An explicit formula is given in Tonelli's 1891 note referred to in the Wikipedia entry on the Tonelli-Shanks algorithm: Given a prime $p>2$ and a quadratic residue $a \bmod p$, let $x$ be a square root of $a \bmod p$. Then for any power $q = p^k$ and $r:=q/p$, the square root of $a \bmod q$ is $x^r \cdot a^e$ where $e := (q - 2r + 1)/2$. Tonelli's proof is straightforward: Square and apply the Fermat-Euler congruence with exponent $\varphi(q)=q-r$ and the fact that $y \equiv z \bmod p$ implies $y^r \equiv z^r \bmod q$.

Joe Silverman's comment gives the method. (if the square root of A mod p is 0 you have any easy first step.... let $\gcd(A\ ,p^n)=p^j.$ If $j$ is odd, give up, otherwise let $A=p^{2k}B$ and find the $\mod p \ $ square root of $B$ (if it is a quadratic residue.)

I ascertained this by looking at the modular square root code in Maple (a bit tricky to see the subprocedures..).
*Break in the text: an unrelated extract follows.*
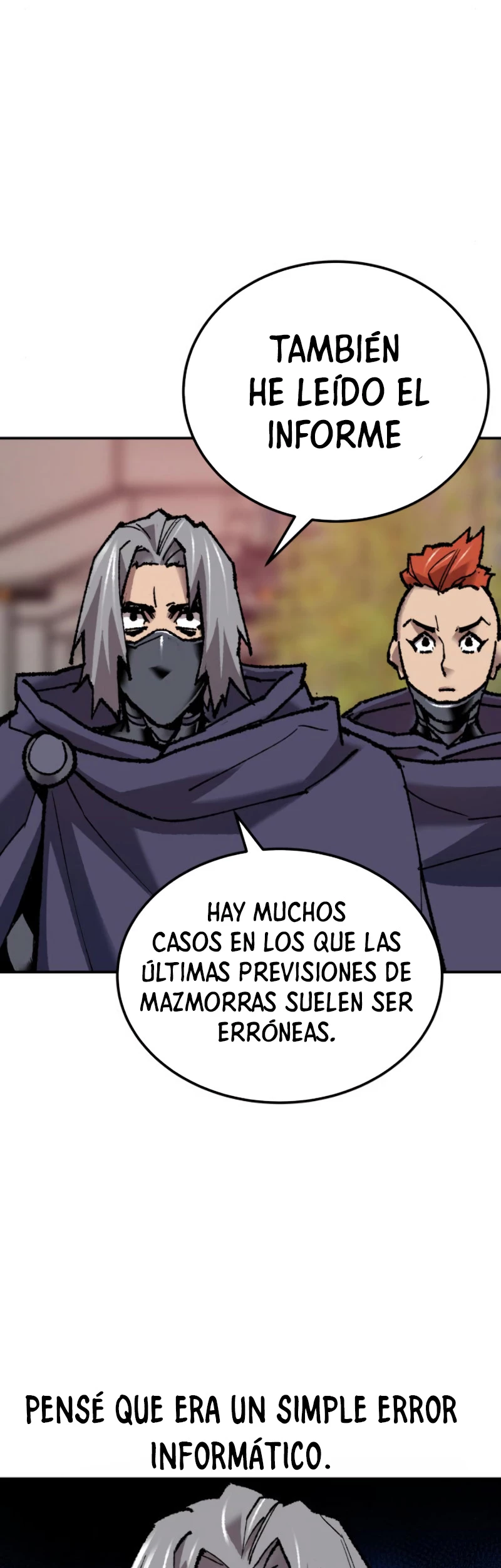 Rompiendo Limites > Capitulo 21 > Page 411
According to Wikipedia the Tonelli-Shanks Algorithm is more efficient that Cipolla's for odd primes not of the form $64Q+1$: Let $m$ be the number of bits in the binary expansion of $p$ and $p-1=Q2^S$ with $Q$ odd. Then it is asserted that Cipolla's method is better exactly when $S(S-1)>8m+20$. Of course for even primes neither method is needed.

The designers of Maple seem to have determined or decided that trying $2,3,4,\cdots$ is best for primes under $80$ or so. I wasn't able to understand (in the limited time I put into it) which of the the modular square root methods Maple uses for the prime case for larger primes.